WORK ORDER: Set down nothing except the lines starting at the one with "Jacuzzi en The" and ending at the final line of the material, each word for word.

INFORMATION PROVIDED:

::::::::

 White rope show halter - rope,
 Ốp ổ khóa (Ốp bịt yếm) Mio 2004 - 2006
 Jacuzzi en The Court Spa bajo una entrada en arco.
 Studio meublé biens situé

::::::::

SOLUTION:
 Jacuzzi en The Court Spa bajo una entrada en arco.
 Studio meublé biens situé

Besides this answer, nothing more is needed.